-- Supplied data follows --

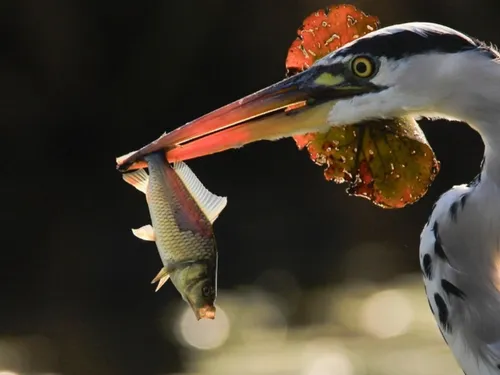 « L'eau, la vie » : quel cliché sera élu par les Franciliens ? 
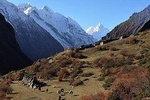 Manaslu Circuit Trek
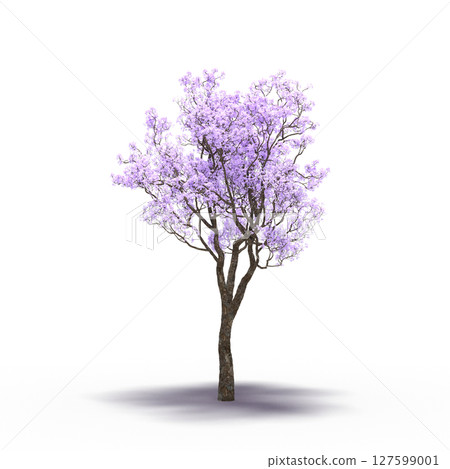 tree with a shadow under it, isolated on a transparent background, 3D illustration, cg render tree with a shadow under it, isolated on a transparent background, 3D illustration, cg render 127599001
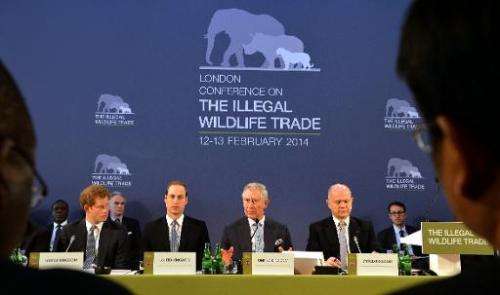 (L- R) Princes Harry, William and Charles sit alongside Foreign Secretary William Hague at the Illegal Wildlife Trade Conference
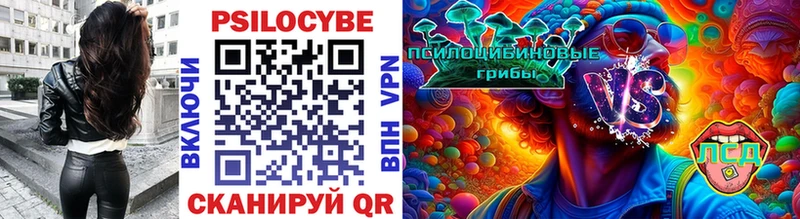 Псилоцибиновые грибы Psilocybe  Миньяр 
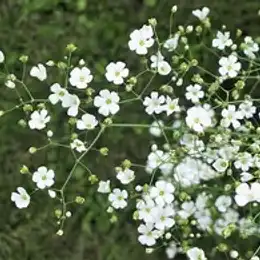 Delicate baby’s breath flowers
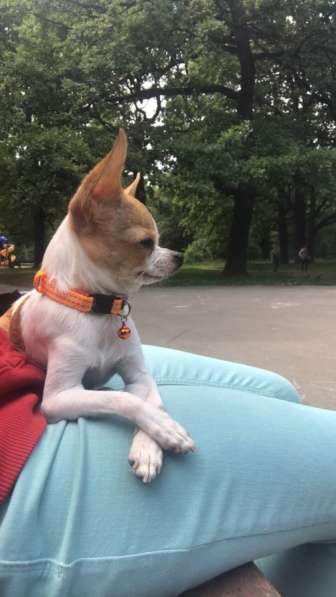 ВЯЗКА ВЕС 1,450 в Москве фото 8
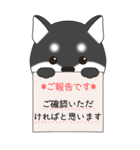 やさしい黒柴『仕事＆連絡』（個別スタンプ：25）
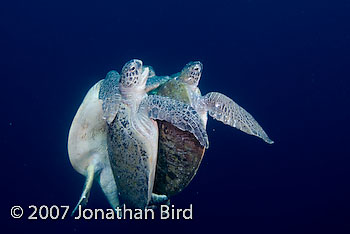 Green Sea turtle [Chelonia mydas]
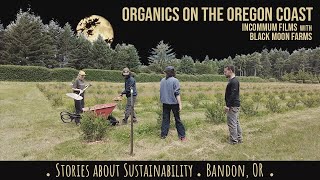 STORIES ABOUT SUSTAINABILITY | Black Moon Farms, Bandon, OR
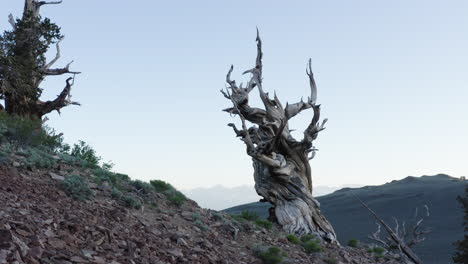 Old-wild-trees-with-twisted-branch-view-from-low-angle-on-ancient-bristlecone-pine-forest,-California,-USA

-- Supplied data concluded --
-- Supplied data follows --

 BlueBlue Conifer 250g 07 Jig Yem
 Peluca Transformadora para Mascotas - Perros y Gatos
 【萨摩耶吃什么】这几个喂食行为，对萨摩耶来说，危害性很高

-- Supplied data concluded --
-- Supplied data follows --

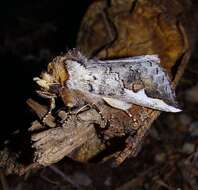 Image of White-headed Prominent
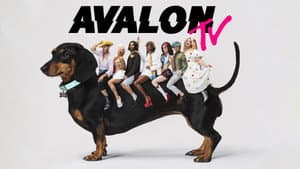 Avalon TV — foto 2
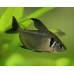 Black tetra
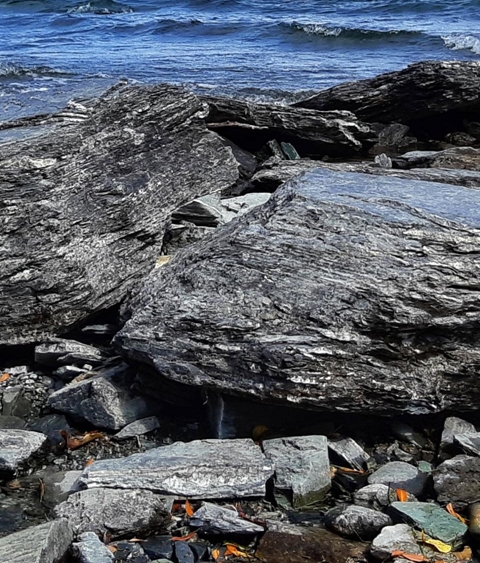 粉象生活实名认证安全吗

-- Supplied data concluded --

= What you need to do =
Starting at the line containing "les Franciliens ?" and stopping at the line containing "cg render 127599001", output every line above exactly, both ends included, with pictures omitted.

= Output =
 « L'eau, la vie » : quel cliché sera élu par les Franciliens ? 
 Manaslu Circuit Trek
 tree with a shadow under it, isolated on a transparent background, 3D illustration, cg render tree with a shadow under it, isolated on a transparent background, 3D illustration, cg render 127599001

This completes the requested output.